Technical Specifications
| Item | Specification |
|---|
| Product Name | Aluminum Diffusion Welding Machine |
| Model | HFVD-200-Q |
| Main Applications | Aluminum busbar welding, aluminum bar welding, aluminum-nickel
welding, laminated aluminum foil flexible connector welding,
copper-aluminum welding |
| Applicable Industries | New energy, power equipment, energy storage, and related industries |
| Maximum Primary Current | 200A |
| Rated Duty Cycle | 50% |
| Secondary Voltage | 21V |
| Cooling Water Consumption | 150L/min |
Product Overview
The HFVD-200-Q Diffusion Welder for Aluminium is engineered for
diffusion welding of conductive aluminum components, including
aluminum busbars, aluminum bars, aluminum-nickel connectors,
laminated aluminum foil flexible connectors, and copper-aluminum
composite parts. This machine serves industries including new
energy, power equipment, energy storage systems, power distribution
components, and aluminum conductive part manufacturing.
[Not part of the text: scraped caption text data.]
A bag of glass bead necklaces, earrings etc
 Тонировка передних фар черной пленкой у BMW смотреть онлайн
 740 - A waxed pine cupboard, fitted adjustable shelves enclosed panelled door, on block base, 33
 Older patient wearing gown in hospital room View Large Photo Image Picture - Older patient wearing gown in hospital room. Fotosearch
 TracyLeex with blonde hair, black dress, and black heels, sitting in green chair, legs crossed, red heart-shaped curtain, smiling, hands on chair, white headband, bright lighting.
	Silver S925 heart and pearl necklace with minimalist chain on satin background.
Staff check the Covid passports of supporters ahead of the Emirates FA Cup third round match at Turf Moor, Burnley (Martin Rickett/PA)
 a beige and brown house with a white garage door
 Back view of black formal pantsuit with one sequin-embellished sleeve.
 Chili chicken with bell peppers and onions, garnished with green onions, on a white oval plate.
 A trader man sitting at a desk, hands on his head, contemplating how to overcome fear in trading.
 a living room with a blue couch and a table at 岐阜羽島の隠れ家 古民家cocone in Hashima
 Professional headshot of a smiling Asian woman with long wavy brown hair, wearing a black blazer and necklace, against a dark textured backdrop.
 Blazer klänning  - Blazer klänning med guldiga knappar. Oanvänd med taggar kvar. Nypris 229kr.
Aluminum's lightweight and conductive properties make it
increasingly popular in new energy and energy storage applications.
However, aluminum welding demands precise control of surface
condition, pressure distribution, and heat input. Without proper
process control, common issues may arise such as oxide-layer
interference, weak interlayer bonding, unstable contact resistance,
operational overheating, and inconsistent batch quality.
For projects involving aluminum busbars, laminated aluminum foil
connectors, aluminum-nickel parts, or copper-aluminum transition
components, please provide drawings, sample photos, material
thickness, weld area specifications, and testing requirements.
Haifei can evaluate machine configuration and develop sample
welding plans based on your specific workpiece requirements.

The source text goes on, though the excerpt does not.